===== INPUT MATERIAL
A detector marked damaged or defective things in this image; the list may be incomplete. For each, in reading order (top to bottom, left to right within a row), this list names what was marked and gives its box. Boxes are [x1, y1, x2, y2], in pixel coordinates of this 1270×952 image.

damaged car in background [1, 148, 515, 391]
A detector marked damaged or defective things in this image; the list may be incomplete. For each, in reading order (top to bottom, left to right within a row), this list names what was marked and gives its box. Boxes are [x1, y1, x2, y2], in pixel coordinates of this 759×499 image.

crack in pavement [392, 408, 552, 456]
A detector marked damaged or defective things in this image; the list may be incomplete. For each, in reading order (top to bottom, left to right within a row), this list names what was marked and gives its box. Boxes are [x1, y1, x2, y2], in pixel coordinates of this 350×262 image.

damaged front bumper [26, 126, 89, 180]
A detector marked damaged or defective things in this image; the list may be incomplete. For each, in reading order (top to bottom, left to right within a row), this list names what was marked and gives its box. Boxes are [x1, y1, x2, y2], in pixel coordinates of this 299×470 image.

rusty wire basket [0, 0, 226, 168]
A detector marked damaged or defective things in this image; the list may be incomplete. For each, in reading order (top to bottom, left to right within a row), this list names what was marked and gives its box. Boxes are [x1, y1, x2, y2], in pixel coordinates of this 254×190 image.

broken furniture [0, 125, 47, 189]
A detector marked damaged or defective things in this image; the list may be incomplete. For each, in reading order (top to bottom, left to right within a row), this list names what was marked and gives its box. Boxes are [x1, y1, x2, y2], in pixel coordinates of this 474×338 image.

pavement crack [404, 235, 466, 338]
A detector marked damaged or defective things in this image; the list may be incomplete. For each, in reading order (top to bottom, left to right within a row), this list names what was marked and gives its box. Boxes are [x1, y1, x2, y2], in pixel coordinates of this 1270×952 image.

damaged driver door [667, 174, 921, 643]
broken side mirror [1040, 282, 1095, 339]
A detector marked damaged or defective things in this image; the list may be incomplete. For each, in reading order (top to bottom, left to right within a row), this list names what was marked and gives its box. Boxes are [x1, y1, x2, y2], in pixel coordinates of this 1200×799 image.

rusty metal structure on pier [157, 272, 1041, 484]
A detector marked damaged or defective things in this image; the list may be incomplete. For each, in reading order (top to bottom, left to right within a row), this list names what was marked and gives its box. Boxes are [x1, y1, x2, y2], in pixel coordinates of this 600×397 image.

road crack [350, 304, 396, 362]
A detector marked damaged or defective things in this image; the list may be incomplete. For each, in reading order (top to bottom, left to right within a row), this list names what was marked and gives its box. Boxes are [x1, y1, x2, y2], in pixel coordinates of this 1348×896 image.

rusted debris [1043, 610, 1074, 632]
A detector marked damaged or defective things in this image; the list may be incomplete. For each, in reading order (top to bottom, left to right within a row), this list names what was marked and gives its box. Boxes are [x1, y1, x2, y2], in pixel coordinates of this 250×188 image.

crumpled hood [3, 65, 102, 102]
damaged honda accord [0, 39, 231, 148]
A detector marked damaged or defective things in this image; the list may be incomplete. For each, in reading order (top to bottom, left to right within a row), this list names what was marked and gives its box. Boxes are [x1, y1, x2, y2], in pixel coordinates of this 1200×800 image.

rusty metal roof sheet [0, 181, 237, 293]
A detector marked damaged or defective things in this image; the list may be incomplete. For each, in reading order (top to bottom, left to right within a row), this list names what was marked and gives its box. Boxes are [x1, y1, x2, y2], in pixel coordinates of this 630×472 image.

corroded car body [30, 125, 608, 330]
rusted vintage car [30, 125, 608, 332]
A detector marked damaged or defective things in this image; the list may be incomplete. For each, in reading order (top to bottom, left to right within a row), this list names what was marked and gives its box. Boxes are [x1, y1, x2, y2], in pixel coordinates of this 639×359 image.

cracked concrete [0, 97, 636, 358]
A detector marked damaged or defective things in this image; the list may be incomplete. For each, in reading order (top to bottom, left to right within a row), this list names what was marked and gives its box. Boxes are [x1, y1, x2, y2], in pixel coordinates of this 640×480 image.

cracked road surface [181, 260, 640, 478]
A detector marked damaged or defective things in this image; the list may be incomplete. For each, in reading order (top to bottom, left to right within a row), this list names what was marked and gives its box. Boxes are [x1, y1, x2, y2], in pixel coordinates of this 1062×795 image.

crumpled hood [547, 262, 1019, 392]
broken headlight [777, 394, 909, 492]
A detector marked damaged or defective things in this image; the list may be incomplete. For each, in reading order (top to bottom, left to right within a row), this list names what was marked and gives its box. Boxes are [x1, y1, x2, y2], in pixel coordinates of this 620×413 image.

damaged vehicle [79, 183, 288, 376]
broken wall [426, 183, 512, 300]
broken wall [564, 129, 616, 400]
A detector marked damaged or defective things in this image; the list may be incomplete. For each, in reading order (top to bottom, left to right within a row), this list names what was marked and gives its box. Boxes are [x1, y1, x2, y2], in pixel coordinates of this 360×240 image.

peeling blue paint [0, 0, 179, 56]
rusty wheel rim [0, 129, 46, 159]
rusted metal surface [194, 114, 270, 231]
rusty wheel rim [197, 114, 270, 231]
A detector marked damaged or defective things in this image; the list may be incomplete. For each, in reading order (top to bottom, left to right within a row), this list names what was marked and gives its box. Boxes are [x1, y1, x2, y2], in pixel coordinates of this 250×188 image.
==========
Please return the data above exactly as given.

A detector marked damaged or defective things in this image; the list may be incomplete. For each, in reading order (top to bottom, left to right within a row), this list names what was marked and gives its box. Boxes are [x1, y1, x2, y2], in pixel coordinates of this 1270×952 image.

damaged car in background [1, 148, 515, 391]
A detector marked damaged or defective things in this image; the list may be incomplete. For each, in reading order (top to bottom, left to right within a row), this list names what was marked and gives its box. Boxes are [x1, y1, x2, y2], in pixel coordinates of this 759×499 image.

crack in pavement [392, 408, 552, 456]
A detector marked damaged or defective things in this image; the list may be incomplete. For each, in reading order (top to bottom, left to right within a row), this list names what was marked and gives its box. Boxes are [x1, y1, x2, y2], in pixel coordinates of this 350×262 image.

damaged front bumper [26, 126, 89, 180]
A detector marked damaged or defective things in this image; the list may be incomplete. For each, in reading order (top to bottom, left to right within a row), this list names what was marked and gives its box. Boxes are [x1, y1, x2, y2], in pixel coordinates of this 299×470 image.

rusty wire basket [0, 0, 226, 168]
A detector marked damaged or defective things in this image; the list may be incomplete. For each, in reading order (top to bottom, left to right within a row), this list names what was marked and gives its box. Boxes are [x1, y1, x2, y2], in pixel coordinates of this 254×190 image.

broken furniture [0, 125, 47, 189]
A detector marked damaged or defective things in this image; the list may be incomplete. For each, in reading order (top to bottom, left to right within a row), this list names what was marked and gives its box. Boxes are [x1, y1, x2, y2], in pixel coordinates of this 474×338 image.

pavement crack [404, 235, 466, 338]
A detector marked damaged or defective things in this image; the list may be incomplete. For each, in reading order (top to bottom, left to right within a row), this list names what was marked and gives its box. Boxes are [x1, y1, x2, y2], in pixel coordinates of this 1270×952 image.

damaged driver door [667, 174, 921, 643]
broken side mirror [1040, 282, 1095, 339]
A detector marked damaged or defective things in this image; the list may be incomplete. For each, in reading order (top to bottom, left to right within a row), this list names what was marked and gives its box. Boxes are [x1, y1, x2, y2], in pixel coordinates of this 1200×799 image.

rusty metal structure on pier [157, 272, 1041, 484]
A detector marked damaged or defective things in this image; the list may be incomplete. For each, in reading order (top to bottom, left to right within a row), this list names what was marked and gives its box. Boxes are [x1, y1, x2, y2], in pixel coordinates of this 600×397 image.

road crack [350, 304, 396, 362]
A detector marked damaged or defective things in this image; the list may be incomplete. For each, in reading order (top to bottom, left to right within a row), this list names what was marked and gives its box. Boxes are [x1, y1, x2, y2], in pixel coordinates of this 1348×896 image.

rusted debris [1043, 610, 1074, 632]
A detector marked damaged or defective things in this image; the list may be incomplete. For each, in reading order (top to bottom, left to right within a row), this list names what was marked and gives its box. Boxes are [x1, y1, x2, y2], in pixel coordinates of this 250×188 image.

crumpled hood [3, 65, 102, 102]
damaged honda accord [0, 39, 231, 148]
A detector marked damaged or defective things in this image; the list may be incomplete. For each, in reading order (top to bottom, left to right within a row), this list names what was marked and gives its box. Boxes are [x1, y1, x2, y2], in pixel coordinates of this 1200×800 image.

rusty metal roof sheet [0, 181, 237, 293]
A detector marked damaged or defective things in this image; the list may be incomplete. For each, in reading order (top to bottom, left to right within a row), this list names what was marked and gives its box. Boxes are [x1, y1, x2, y2], in pixel coordinates of this 630×472 image.

corroded car body [30, 125, 608, 330]
rusted vintage car [30, 125, 608, 332]
A detector marked damaged or defective things in this image; the list may be incomplete. For each, in reading order (top to bottom, left to right within a row), this list names what was marked and gives its box. Boxes are [x1, y1, x2, y2], in pixel coordinates of this 639×359 image.

cracked concrete [0, 97, 636, 358]
A detector marked damaged or defective things in this image; the list may be incomplete. For each, in reading order (top to bottom, left to right within a row), this list names what was marked and gives its box. Boxes are [x1, y1, x2, y2], in pixel coordinates of this 640×480 image.

cracked road surface [181, 260, 640, 478]
A detector marked damaged or defective things in this image; the list may be incomplete. For each, in reading order (top to bottom, left to right within a row), this list names what was marked and gives its box. Boxes are [x1, y1, x2, y2], in pixel coordinates of this 1062×795 image.

crumpled hood [547, 262, 1019, 392]
broken headlight [777, 394, 909, 492]
A detector marked damaged or defective things in this image; the list may be incomplete. For each, in reading order (top to bottom, left to right within a row), this list names what was marked and gives its box. Boxes are [x1, y1, x2, y2], in pixel coordinates of this 620×413 image.

damaged vehicle [79, 183, 288, 376]
broken wall [426, 183, 512, 300]
broken wall [564, 129, 616, 400]
A detector marked damaged or defective things in this image; the list may be incomplete. For each, in reading order (top to bottom, left to right within a row), this list names what was marked and gives its box. Boxes are [x1, y1, x2, y2], in pixel coordinates of this 360×240 image.

peeling blue paint [0, 0, 179, 56]
rusty wheel rim [0, 129, 46, 159]
rusted metal surface [194, 114, 270, 231]
rusty wheel rim [197, 114, 270, 231]
A detector marked damaged or defective things in this image; the list may be incomplete. For each, in reading order (top to bottom, left to right within a row), this list names what was marked and gives its box. Boxes are [x1, y1, x2, y2], in pixel coordinates of this 250×188 image.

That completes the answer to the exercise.